De son côté, la chef péquiste Pauline Marois s'est dite profondément choquée, et a dit considérer que le maire Vaillancourt "devrait se retirer de ses fonctions", le temps qu'une enquête fasse la lumière sur toute cette histoire.
"Il serait préférable que les élus dénoncent sur-le-champ" ce genre de gestes lorsqu'ils en sont témoins, a-t-elle ajouté, réclamant à nouveau une commission d'enquête sur le monde de la construction et le financement des partis politiques.
D'ailleurs, mercredi, l'opposition péquiste reviendra à la charge avec une motion en ce sens qui sera débattue à l'Assemblée nationale.
Quant au fait de savoir si M. Auclair était toujours digne de siéger à l'Assemblée nationale, Mme Marois n'a pas voulu se prononcer.
La ministre Michelle Courchesne, députée de Fabre et responsable de Laval, a dit, la voix chevrotante, qu'elle était "tellement choquée" par les faits, qu'elle a qualifiés d'"extrêmement troublants".
Alain Paquet, député de Laval-des-Rapides, a dit que jamais on ne lui avait "offert quoi que ce soit". Si on lui avait offert de l'argent, il l'aurait refusé, car l'intégrité est une valeur "non négociable".
Quant à lui, Guy Ouellette, député de Chomedey et ancien enquêteur à la Sûreté du Québec, a dit n'avoir jamais eu d'offre de ce genre, mais que "si j'avais été placé dans une situation particulière, c'est sûr que je l'aurais dénoncée sur-le-champ".
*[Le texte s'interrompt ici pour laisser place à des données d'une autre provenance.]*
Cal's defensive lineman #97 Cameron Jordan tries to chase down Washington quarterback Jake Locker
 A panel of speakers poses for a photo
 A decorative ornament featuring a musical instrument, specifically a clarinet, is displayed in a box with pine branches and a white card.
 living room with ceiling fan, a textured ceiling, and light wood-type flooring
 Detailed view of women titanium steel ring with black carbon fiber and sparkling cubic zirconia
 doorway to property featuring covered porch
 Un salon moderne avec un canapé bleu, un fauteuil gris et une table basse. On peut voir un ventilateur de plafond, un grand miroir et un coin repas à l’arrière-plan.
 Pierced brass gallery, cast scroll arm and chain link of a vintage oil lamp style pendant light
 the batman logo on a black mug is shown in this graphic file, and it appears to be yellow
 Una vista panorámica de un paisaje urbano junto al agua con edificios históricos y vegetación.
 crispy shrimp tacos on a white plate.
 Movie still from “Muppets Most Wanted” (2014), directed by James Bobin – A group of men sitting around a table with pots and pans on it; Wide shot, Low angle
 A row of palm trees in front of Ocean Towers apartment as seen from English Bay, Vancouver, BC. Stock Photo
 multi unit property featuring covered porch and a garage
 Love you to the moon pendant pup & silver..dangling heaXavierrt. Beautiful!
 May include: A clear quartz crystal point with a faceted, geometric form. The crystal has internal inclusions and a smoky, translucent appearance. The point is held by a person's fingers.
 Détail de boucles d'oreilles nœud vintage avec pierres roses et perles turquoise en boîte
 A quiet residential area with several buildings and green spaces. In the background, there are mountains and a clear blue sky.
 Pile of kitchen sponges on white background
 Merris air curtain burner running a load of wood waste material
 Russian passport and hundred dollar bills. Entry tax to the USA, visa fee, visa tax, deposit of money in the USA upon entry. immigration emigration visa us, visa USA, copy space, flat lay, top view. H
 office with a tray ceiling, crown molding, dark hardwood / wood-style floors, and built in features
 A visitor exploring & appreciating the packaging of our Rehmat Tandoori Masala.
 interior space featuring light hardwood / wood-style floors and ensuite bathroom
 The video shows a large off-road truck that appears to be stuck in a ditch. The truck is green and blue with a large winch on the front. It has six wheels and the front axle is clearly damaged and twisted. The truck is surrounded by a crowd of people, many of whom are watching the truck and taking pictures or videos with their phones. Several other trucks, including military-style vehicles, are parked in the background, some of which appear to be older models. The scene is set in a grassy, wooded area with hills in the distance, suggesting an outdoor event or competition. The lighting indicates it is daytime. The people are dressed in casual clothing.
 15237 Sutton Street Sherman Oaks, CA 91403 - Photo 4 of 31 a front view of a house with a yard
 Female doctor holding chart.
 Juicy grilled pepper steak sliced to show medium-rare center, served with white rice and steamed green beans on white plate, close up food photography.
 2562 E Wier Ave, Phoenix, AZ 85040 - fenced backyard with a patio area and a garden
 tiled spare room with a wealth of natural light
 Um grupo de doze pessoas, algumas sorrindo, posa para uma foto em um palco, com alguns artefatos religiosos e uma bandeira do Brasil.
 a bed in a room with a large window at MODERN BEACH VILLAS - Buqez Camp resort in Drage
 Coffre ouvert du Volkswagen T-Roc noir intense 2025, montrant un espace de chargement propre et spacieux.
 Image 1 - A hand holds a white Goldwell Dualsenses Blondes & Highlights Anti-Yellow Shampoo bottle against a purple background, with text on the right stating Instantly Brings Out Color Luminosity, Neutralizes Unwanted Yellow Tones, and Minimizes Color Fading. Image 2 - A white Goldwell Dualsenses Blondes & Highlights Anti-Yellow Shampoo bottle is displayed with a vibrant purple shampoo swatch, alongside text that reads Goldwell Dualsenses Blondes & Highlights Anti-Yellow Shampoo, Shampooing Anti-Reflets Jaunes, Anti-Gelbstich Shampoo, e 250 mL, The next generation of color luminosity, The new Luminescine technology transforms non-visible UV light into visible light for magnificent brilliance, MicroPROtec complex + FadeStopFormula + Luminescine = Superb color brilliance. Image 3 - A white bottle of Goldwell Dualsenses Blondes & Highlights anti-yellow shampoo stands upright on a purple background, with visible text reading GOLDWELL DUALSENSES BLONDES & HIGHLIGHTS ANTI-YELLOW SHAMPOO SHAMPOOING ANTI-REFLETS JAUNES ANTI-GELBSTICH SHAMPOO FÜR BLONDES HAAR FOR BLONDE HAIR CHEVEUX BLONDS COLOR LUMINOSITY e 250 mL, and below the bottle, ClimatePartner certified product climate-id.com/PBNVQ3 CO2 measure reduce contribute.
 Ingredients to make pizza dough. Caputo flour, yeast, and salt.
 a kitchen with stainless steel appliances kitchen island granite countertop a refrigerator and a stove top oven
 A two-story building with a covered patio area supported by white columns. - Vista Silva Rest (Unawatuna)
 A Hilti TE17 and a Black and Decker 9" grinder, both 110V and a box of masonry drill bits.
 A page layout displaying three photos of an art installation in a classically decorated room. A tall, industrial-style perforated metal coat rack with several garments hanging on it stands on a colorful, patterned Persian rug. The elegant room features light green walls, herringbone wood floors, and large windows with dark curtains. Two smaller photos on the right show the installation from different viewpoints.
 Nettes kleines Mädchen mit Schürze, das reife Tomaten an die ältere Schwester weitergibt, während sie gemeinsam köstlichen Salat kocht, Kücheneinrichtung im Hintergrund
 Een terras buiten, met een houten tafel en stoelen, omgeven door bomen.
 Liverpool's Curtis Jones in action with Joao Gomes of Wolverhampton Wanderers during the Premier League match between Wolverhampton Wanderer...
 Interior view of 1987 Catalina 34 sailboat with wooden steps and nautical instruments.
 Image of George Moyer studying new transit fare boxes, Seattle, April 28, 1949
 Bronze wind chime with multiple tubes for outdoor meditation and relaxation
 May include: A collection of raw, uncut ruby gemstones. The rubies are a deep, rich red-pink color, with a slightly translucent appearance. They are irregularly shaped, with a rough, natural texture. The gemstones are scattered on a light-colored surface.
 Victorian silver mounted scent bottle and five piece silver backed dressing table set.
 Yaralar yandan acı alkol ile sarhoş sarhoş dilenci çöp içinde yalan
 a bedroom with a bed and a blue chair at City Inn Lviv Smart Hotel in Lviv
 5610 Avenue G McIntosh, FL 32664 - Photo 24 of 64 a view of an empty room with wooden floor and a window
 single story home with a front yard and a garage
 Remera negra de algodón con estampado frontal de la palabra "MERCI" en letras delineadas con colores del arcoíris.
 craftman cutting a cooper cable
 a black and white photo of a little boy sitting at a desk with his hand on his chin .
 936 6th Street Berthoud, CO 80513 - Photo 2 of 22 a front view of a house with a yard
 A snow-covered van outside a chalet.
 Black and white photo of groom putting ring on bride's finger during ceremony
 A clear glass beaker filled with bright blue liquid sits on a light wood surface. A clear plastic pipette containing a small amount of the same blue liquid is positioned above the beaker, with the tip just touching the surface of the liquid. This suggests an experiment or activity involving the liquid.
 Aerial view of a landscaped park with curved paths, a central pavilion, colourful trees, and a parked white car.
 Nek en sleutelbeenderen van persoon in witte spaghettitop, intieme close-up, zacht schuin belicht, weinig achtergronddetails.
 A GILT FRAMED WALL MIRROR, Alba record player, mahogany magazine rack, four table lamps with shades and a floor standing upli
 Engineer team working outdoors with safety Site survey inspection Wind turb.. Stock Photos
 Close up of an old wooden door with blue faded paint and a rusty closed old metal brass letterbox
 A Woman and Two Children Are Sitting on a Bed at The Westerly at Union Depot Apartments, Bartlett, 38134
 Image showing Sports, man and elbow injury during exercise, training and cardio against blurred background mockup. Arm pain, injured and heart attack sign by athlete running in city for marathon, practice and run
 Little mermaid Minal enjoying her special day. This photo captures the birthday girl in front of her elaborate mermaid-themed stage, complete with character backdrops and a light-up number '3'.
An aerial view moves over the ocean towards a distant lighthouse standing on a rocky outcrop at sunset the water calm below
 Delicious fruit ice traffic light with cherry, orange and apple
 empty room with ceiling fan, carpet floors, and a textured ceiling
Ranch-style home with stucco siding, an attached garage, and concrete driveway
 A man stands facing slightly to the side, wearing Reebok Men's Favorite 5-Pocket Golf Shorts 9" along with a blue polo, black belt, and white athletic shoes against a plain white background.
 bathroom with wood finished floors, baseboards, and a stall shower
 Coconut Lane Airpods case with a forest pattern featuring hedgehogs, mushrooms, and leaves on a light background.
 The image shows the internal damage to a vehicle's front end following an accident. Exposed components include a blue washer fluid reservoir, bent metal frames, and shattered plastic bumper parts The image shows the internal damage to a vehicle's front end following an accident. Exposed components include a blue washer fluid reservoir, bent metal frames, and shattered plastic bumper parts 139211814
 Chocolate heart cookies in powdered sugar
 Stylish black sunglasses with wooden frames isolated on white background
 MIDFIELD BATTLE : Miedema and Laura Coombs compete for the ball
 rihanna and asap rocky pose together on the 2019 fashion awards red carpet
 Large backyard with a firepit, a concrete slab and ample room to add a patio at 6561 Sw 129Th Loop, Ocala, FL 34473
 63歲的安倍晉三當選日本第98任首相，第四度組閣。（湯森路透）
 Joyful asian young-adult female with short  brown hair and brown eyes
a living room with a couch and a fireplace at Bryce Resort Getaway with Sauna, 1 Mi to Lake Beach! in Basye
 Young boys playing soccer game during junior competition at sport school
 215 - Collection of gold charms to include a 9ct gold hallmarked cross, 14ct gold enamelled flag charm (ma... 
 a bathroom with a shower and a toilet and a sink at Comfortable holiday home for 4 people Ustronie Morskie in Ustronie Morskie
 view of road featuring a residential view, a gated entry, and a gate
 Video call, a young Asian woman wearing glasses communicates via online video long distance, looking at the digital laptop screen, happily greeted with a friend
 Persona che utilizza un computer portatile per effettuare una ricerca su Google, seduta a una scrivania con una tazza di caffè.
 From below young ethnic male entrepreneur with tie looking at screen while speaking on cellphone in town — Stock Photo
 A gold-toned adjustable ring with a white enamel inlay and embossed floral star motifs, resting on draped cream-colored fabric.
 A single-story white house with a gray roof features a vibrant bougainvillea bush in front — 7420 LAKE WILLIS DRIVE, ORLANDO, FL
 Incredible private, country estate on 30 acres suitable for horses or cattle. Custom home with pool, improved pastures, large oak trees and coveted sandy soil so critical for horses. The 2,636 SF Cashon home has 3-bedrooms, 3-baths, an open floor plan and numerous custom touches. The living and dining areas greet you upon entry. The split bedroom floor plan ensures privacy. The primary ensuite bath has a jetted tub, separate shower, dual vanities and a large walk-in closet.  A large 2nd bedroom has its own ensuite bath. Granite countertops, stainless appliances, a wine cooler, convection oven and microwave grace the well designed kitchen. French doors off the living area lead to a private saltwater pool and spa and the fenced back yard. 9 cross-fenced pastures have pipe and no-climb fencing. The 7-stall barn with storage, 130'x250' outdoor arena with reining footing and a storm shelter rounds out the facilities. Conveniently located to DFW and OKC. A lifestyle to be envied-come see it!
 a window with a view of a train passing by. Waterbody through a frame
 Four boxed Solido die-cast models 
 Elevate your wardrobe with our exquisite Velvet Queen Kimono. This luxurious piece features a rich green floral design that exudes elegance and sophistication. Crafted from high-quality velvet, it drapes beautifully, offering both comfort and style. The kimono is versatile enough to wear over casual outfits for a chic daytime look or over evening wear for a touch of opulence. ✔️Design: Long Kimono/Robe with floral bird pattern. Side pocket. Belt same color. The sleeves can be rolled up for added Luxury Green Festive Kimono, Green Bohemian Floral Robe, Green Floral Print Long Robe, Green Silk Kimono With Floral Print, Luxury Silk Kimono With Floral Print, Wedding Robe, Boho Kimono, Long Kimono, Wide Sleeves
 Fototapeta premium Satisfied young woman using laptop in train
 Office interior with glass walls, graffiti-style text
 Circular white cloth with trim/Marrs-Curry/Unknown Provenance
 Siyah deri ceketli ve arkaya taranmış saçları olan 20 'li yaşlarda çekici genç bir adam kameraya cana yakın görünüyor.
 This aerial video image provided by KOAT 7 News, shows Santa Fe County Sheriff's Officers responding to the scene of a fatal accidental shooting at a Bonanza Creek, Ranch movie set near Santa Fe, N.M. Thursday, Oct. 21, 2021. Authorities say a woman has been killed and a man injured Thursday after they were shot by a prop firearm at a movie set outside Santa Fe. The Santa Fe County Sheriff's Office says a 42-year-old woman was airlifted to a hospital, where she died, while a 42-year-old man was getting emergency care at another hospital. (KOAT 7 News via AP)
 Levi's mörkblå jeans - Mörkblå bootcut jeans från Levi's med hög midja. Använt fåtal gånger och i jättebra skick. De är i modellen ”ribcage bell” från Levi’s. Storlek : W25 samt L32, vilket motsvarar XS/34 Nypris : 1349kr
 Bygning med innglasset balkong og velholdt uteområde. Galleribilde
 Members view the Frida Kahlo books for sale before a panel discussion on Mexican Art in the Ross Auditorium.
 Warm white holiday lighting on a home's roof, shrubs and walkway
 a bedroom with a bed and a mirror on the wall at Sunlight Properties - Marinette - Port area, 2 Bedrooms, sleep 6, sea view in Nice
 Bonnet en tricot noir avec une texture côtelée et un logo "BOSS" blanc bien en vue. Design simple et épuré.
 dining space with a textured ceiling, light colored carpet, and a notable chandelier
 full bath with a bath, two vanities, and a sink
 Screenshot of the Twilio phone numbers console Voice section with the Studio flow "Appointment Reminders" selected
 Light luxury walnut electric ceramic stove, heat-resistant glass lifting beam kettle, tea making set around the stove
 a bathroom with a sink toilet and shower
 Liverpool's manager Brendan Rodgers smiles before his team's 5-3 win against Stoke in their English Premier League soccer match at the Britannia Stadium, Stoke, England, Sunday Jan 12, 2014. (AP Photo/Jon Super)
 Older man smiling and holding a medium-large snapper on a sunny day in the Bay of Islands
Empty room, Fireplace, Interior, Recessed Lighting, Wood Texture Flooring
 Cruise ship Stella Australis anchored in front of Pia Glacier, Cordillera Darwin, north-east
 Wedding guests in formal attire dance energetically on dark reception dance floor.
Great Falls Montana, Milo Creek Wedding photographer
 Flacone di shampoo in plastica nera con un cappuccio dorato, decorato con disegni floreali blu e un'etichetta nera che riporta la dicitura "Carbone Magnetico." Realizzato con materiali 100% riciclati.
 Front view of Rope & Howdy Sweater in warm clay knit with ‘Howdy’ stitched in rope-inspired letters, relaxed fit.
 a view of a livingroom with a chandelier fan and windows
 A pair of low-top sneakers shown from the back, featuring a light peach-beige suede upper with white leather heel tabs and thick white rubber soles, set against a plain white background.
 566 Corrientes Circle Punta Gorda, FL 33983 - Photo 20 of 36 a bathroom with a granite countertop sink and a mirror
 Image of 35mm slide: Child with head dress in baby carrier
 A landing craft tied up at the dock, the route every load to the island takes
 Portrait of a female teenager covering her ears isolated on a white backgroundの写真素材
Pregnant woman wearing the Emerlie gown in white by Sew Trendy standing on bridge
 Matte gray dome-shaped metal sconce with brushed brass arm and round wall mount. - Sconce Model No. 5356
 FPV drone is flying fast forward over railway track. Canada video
Le Bloc québécois a indiqué avoir questionné ses députés de la région de Laval afin de s'assurer qu'ils n'avaient pas eux aussi été approchés par M. Vaillancourt, et le parti s'est dit satisfait des réponses obtenues puisque tous ont affirmé que ce n'était pas le cas.
Le parti a par ailleurs martelé qu'il avait entièrement confiance en Serge Ménard.